- Term
- 2023-2024
Loper Bright Enterprises v. Raimondo
Consolidated with Relentless v. Department of Commerce
In Loper Bright Enterprises v. Raimondo, the Court considered a 40-year-old precedent established in Chevron v. NRDC — known as Chevron deference — which requires courts to defer to the expertise of federal agencies when their regulations are challenged if those rules are reasonable. This precedent made sense for two key reasons: agency civil servants have more scientific and subject-matter expertise than judges, and rules are promulgated with a democratic public notice and input from the public, unlike court opinions. Here, the justices gave themselves the opportunity to concentrate even more power in the judiciary and give judges more leeway to brazenly strike down rules that they dislike.
Loper Bright Enterprises was represented in this case by a group that has received millions of dollars from the Koch Network.
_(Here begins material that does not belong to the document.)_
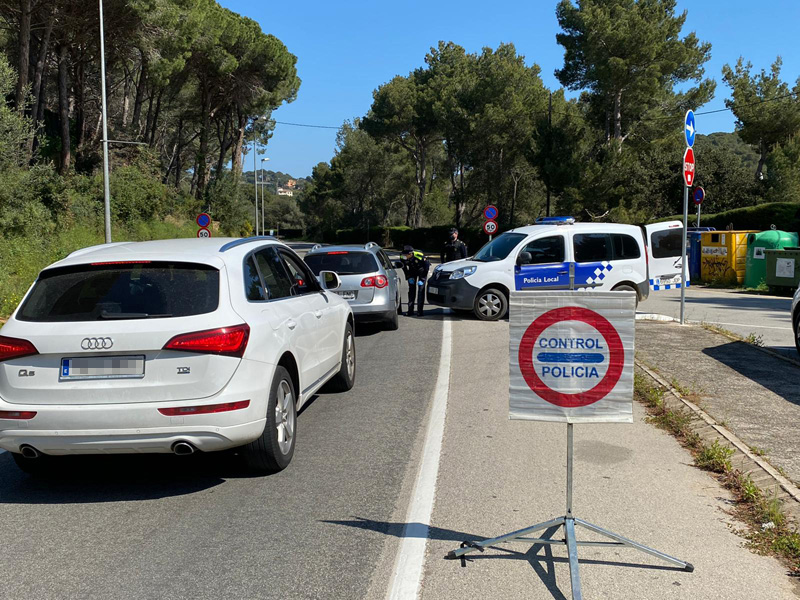 Agents del cos han intensificat els controls de carretera per detectar l'accés de propietaris de segones residències. (Foto: Ajuntament de Calonge i S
Attorneys working for the Koch Network likewise “volunteered” to represent Relentless in the consolidated case. Despite attending at least two Koch donor summits over the years, Clarence Thomas has refused to recuse himself from the case and has abruptly reversed his previous support for the Chevron precedent.
On June 28, 2024, in a 6-2 decision along partisan lines (with Justice Jackson recusing since she had previously ruled on the case as a DC Circuit Judge), the Supreme Court’s right-wing majority struck down the Chevron doctrine — a radical reversal of precedent and a huge win for corporations and the Court’s wealthy benefactors.